Comandante Gustavo Kraemer International Airport is the airport serving Bagé, Brazil. Since February 8, 1952, it is named after Captain Gustavo Ernesto de Carvalho Kraemer (1911–1950), founder and pilot of the airline SAVAG, killed on an air-crash in 1950.

It is operated by ASUR.

==History==
The airport opened on July 5, 1946. On February 8, 1952, the airport was renamed after Gustavo Kraemer, who on June 20, 1950, died on an air-crash while piloting an aircraft of SAVAG, an airline of which he was also president.

Previously operated by Infraero, on April 7, 2021 CCR won a 30-year concession to operate the airport. On April 26, 2025 CCR was rebranded as Motiva.

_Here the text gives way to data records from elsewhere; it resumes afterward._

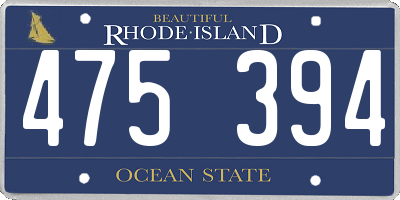 RI license plate 475394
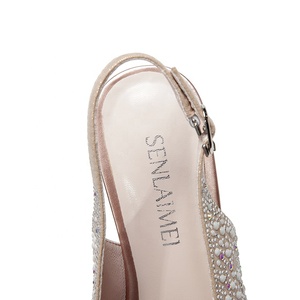 Escarpins Moncheer pour <span class=keywords><strong>femme</strong></span> à bout pointu, <span class=keywords><strong>talon</strong></span> bas, ornés de strass et de perles, antidérapants, légers, à enfiler, pour soirée, sexy - Product Image 4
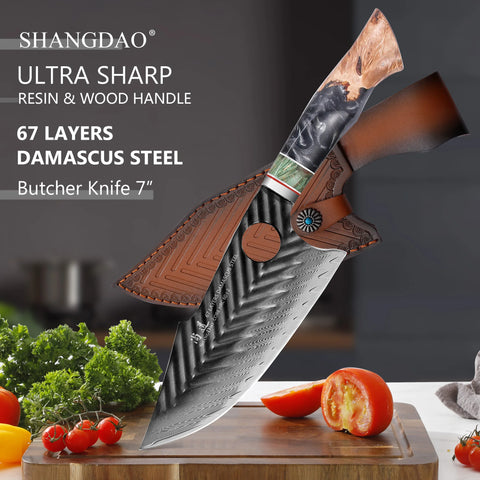SHANGDAO Damascus Butcher Knife 7 inch, Viking Cleaver Kitchen Knives with Leather Sheath - Hand Forged Resin & Wood Handle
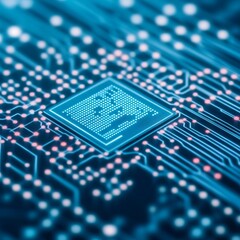 Close-up of a microchip on a circuit board, showcasing technology design.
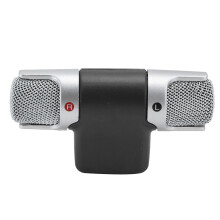 Mini Stereo Wireless Microphone Dual Channel 3.5MM ABS Black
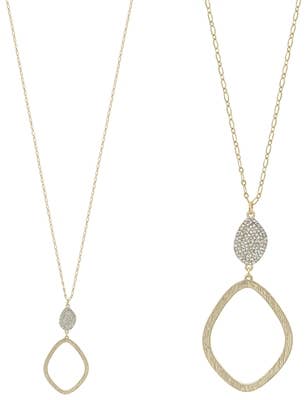Worn Gold Rhinestone Pave with Open Drop Pendant Necklace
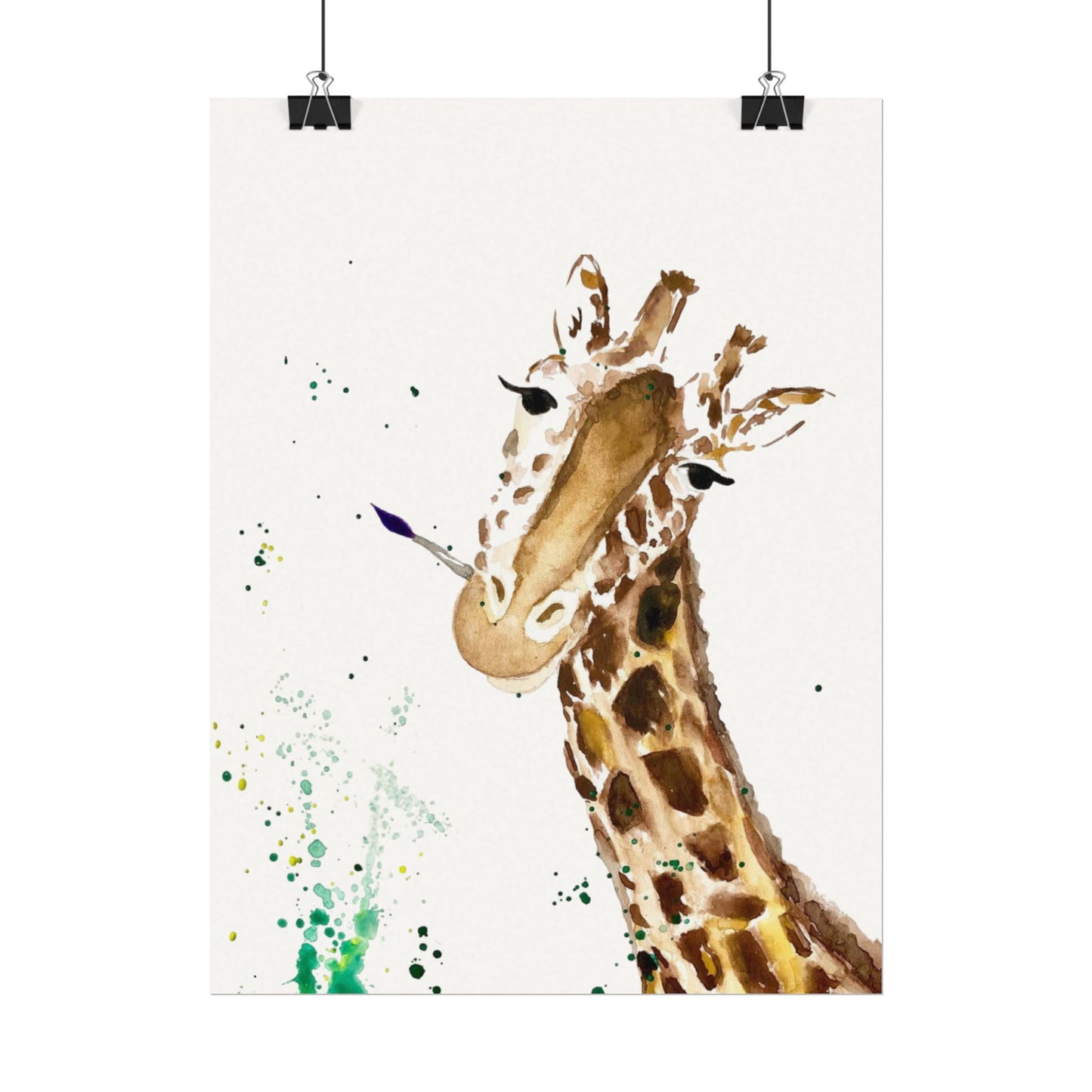Giraffe Watercolor Poster — Textured Matte Nursery Art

On November 18, 2025 the entire airports portfolio of Motiva was sold to the Mexican airport operator ASUR. Motiva will cease to operate airports. The transaction was completed on August 31, 2026.

==Airlines and destinations==

No scheduled flights operate at this airport.

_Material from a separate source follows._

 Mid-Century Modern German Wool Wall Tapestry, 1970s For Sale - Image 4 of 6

==Accidents and incidents==
- 7 April 1957: a Varig Curtiss C-46A-45-CU Commando registration PP-VCF operating a flight from Bagé to Porto Alegre crashed during take-off from Bagé following a fire developed in the left main gear wheel well and consequent technical difficulties. All 40 passenger and crew died.

==Access==
The airport is located 7 km from downtown Bagé.